The third reason for confusion stems from the disparity between "hard" and "soft" data--objective measures such as the level of unemployment, and subjective measures such as people's future expectations.
导致困惑的第三个原因源于"硬"数据和"软"数据之间的差距。前者是客观指标,如失业率,后者是主观指标,如人们对未来的预期。
Normally the two types move in sync.
正常情况下,这两种类型的数据同步变化。
Right now they are far apart.
眼下,它们相差甚远。
"Soft" measures look recessionary.
"软"指标看起来经济在衰退。
"Hard" measures point to a decent expansion.
"硬"指标表明经济在良好地扩张。
The divergence may reflect people's grumpiness with inflation.
这种差异可能反映了人们对通胀的不满。
Prices in the rich world are still rising by 9% year on year.
富裕国家的物价仍在以同比9%的速度上涨。
Investors and statisticians will get better at understanding the world economy during periods of volatility and inflation.

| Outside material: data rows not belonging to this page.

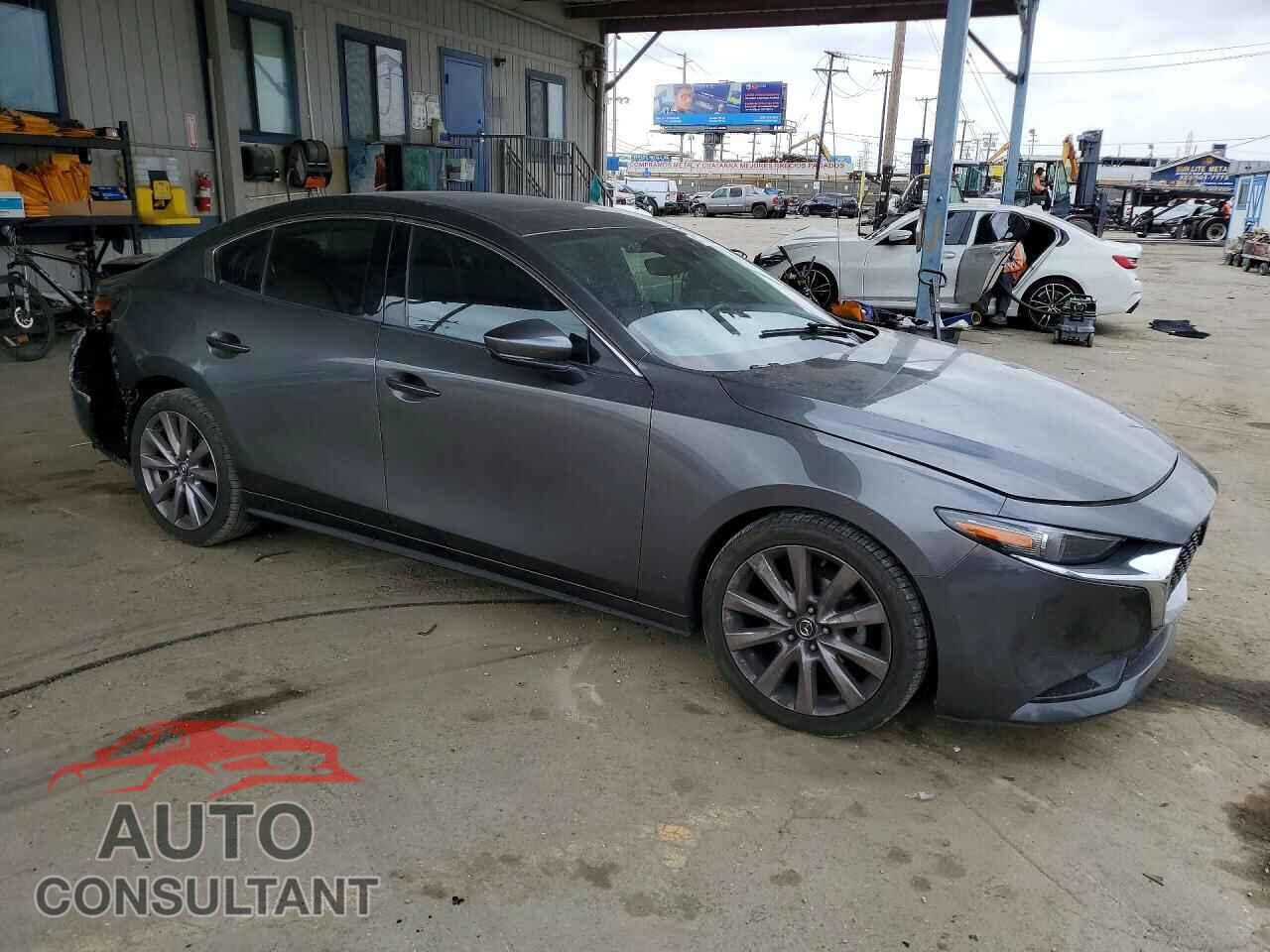 MAZDA 3 2019 - JM1BPACM9K1100054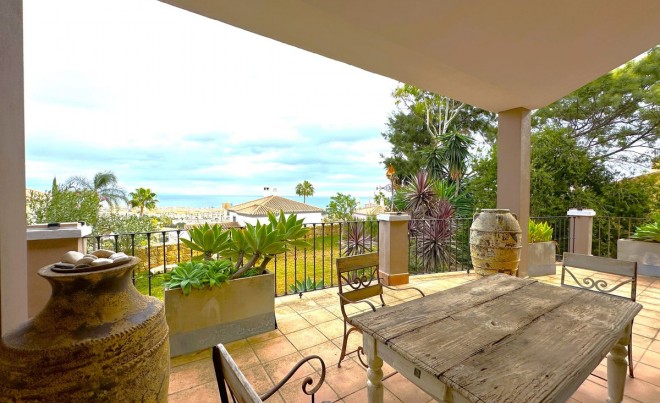 Venta · Villa / Chalet · La Duquesa · Costa del Sol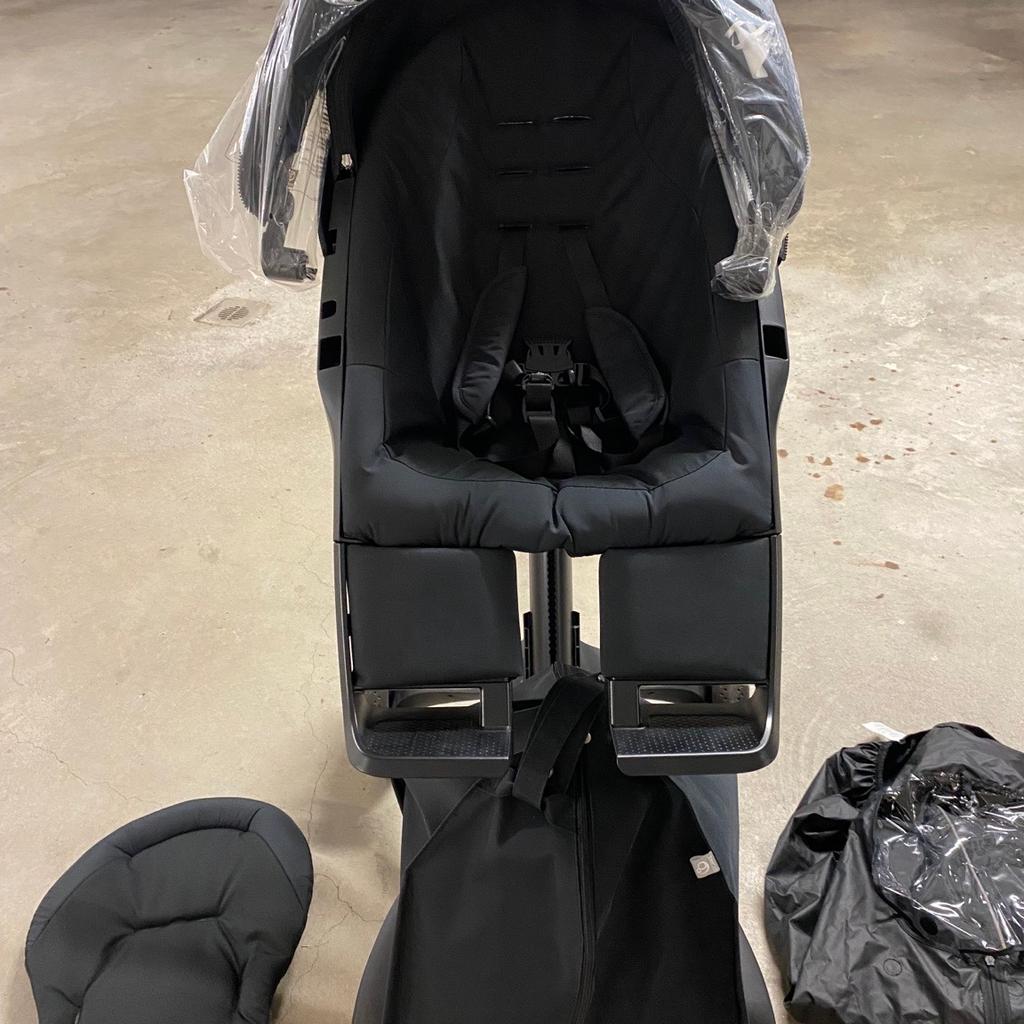Kindersportsitz Neu verpackt, Babywanne im sehr guten Zustand, Gebrauchsheft, Regenschutz und 2 Babywannenmatratzenüberzüge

在动荡和通胀时期,投资者和统计学家将对世界经济有更好的理解。
As the effects of the pandemic fade, so will distortions to seasonal adjustments.
随着疫情影响的消退,季节性调整带来的失真也会消退。
Economists have already made progress in incorporating alternative data into forecasts, helping to overcome the problem of declining responses.
经济学家在将替代数据纳入预测方面已经取得了进展,从而帮助克服了回复减少的问题。
But this is scant comfort for governments and businesses that need to make decisions right now--or for people just trying to keep up with the news.
但对于现在需要做出决策的政府和企业,或者只是试图跟上新闻报道的人来说,这带来的安慰寥寥无几。
Do not be surprised if the global economy remains sfumata for a while yet.
如果全球经济形势在一段时间内仍如晕涂而成的画一样模糊不清,请不要感到惊讶。